Many of the parish's fields show ridge-and-furrow strip cultivation. In 1279 there were probably about 200 inhabitants, but after the Black Death the population decreased to 51 persons over the age of 14.

Waterstock's oldest buildings are the two thatched cottages, one thought to date from late in the 13th or early in the 14th century and the other from the 16th. Orchard End is a medieval cruck house, its smoke-blackened beams showing that it was originally a two-bay open hall house. The village's single street is flanked by cottages built of stone or local brick, some retaining the small buildings in the gardens, originally privies or pig-sties. At one end of the village, Home Farm is a 17th-century timber-framed house with its thatched barn and 17th-century granary. The 18th-century Park Farm is beyond.

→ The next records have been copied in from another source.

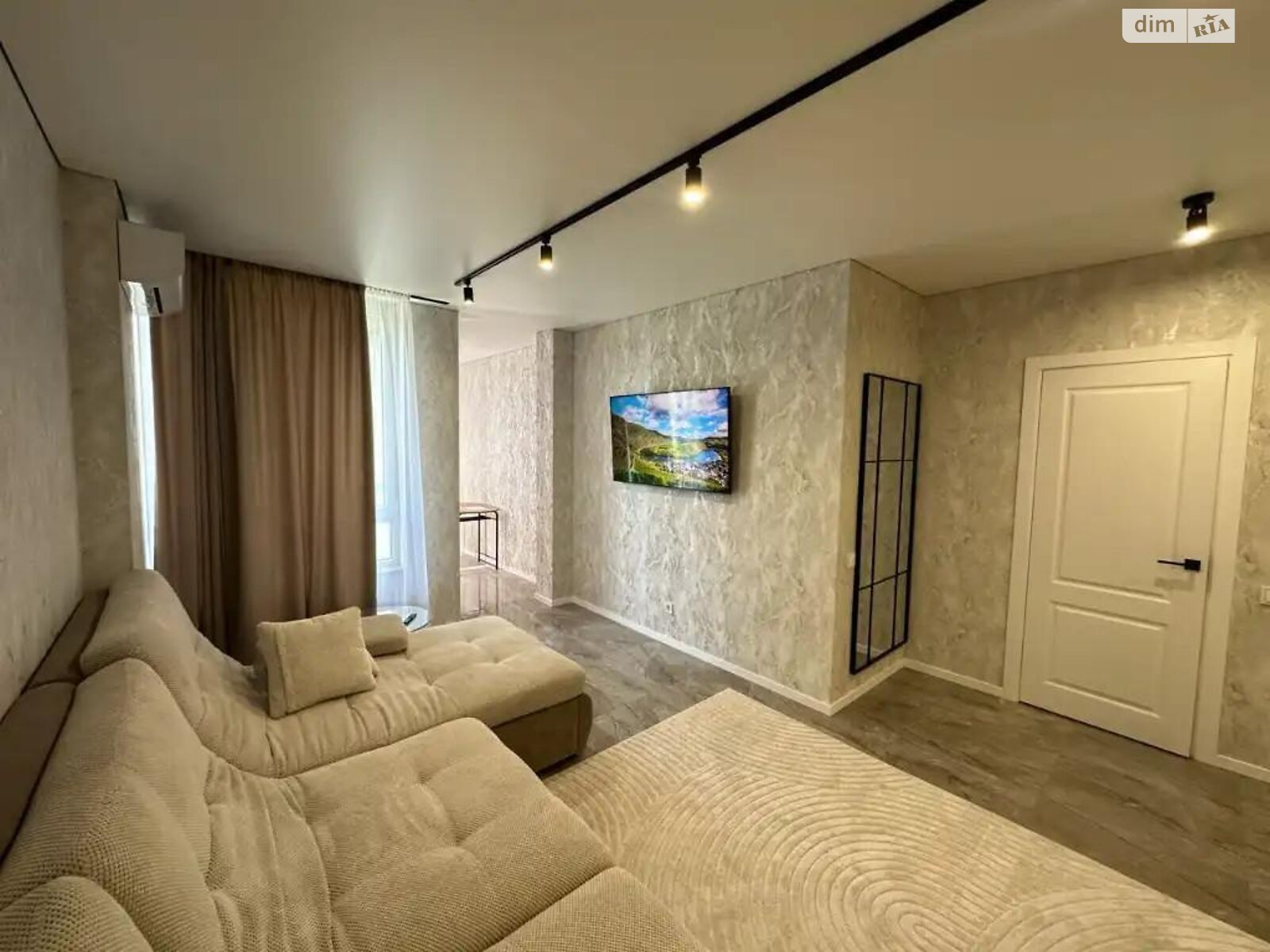 однокомнатная квартира в Днепре, район Победа-4, на ул. Космическая 5 в аренду на долгий срок помесячно фото 1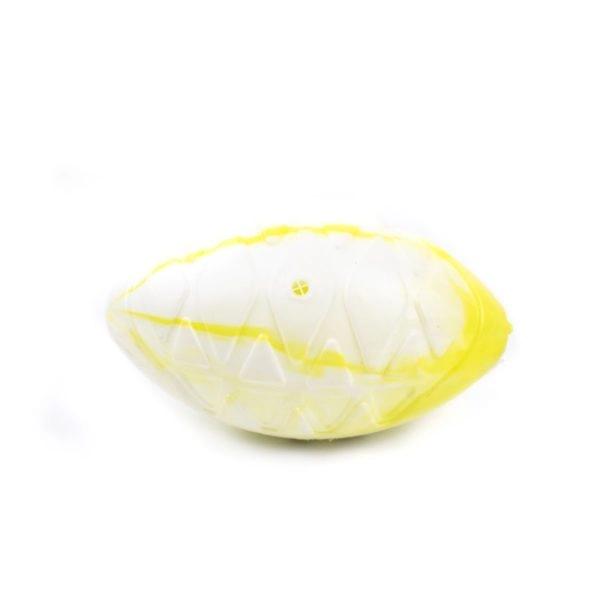 Imagen que muestra el producto Pelota Chillona De Beisbol Para Mascotas. Juguete pelota de beisbol, cuenta con sonido interno. Material: Plástico                                                                                                                                                                                                                                     Color: Azul, rojo, verde, naranja                                                                                                                                                                                                                              Disponible: Razas medianas y grandes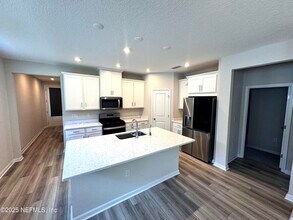 68 Spruce Hl Pt in Saint Johns, FL - Foto de edificio - Building Photo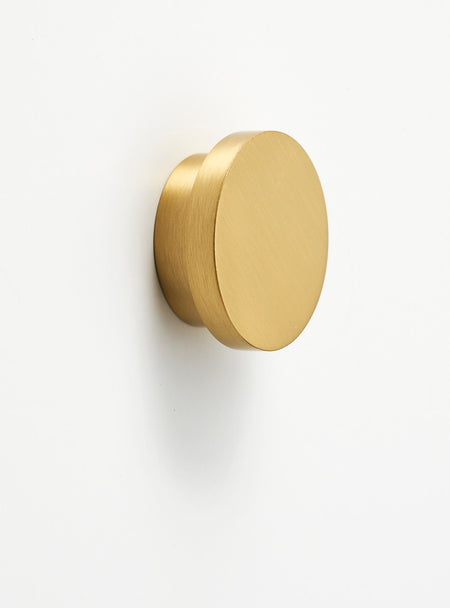 Alno A450-14-SB: 1-3/8" Redondo Cabinet Knob - Satin Brass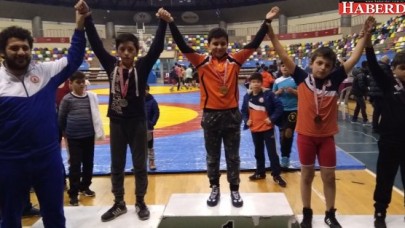 Çatalca’nın minik güreşçilerinden büyük başarı; İstanbul 2.si oldular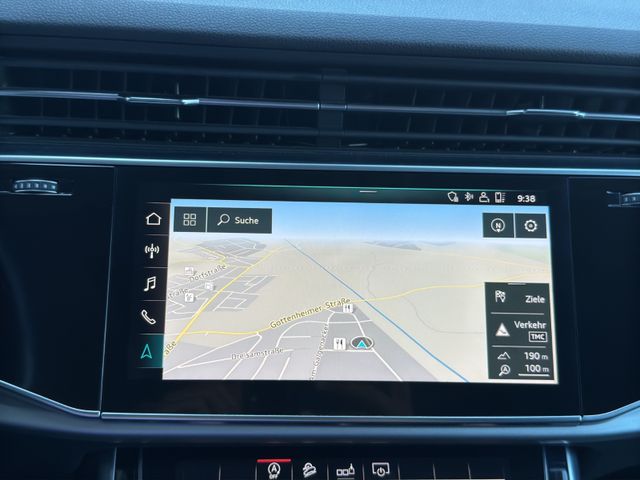 Audi Q8 55 TFSI quattro*PANO*LED*APPLE*KAMERA*NAV*21"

The grounds of Waterstock House are next to the church. The manor house was built in 1787 to designs by the architect SP Cockerell. It was demolished in 1953 or 1956 after the servants' quarters were converted into the present substantial residence. The stone-built stables are 18th-century and probably contemporary with the 1787 house. They are now the Waterstock Equestrian Centre.

Near Waterstock Mill is Bow Bridge: a small, single-arch brick bridge built for Diana Ashhurst in 1790. By the entrance to Waterstock House is the Pump House dated 1898, a small building with a "Rhenish helm" roof reminiscent of a Saxon tower. Many of the villagers used to collect water from it until the village's mains water supply was installed in 1951.

Opposite the church are Church Farm Cottages and the Old Rectory, a substantial stone-built 18th-century house, the only other 'gentlemen's house'. In the 20th century it was the home of the violinist Manoug Parikian, his wife Diana Parikian, the antiquarian bookseller, and their two sons, until his sudden death on Christmas Eve 1987. He is buried in St Leonard's churchyard. Richard Ellis the Californian astronomer lived in the Old School House while a graduate student at Oxford from 1971 to 1974.

==Parish church==
Waterstock seems to have had a parish church since at least 1190. The current Church of England parish church of Saint Leonard was built at the end of the 15th century. The nave and chancel were rebuilt in 1790, and in 1858 the Gothic Revival architect G.E. Street restored the building. It is the burial place of the early-17th-century Puritan writer William 'Eternity' Tipping.

Remnants of medieval window glass were recovered after the English Reformation and have been inserted above the armorial Ashurst window. This window, together with monuments in the church, records the families of local squirearchy who inhabited the manor house and retained its patronage until 1957. As well as regular church services, meetings and concerts are held in the church.

==Economy==
Many of the houses in Waterstock have their own stables. Waterstock House Training Centre was once the main equestrian centre of the area, and was once owned by the horse trainer Lars Sederholm.

==Amenities==
Junction 8A of the M40 motorway and Oxford Services motorway service station are in the parish. There is also a public golf course. The Oxfordshire Way traverses the parish and crosses the River Thame by Bow Bridge near Waterstock Mill. There is a Waterstock and Tiddington Women's Institute.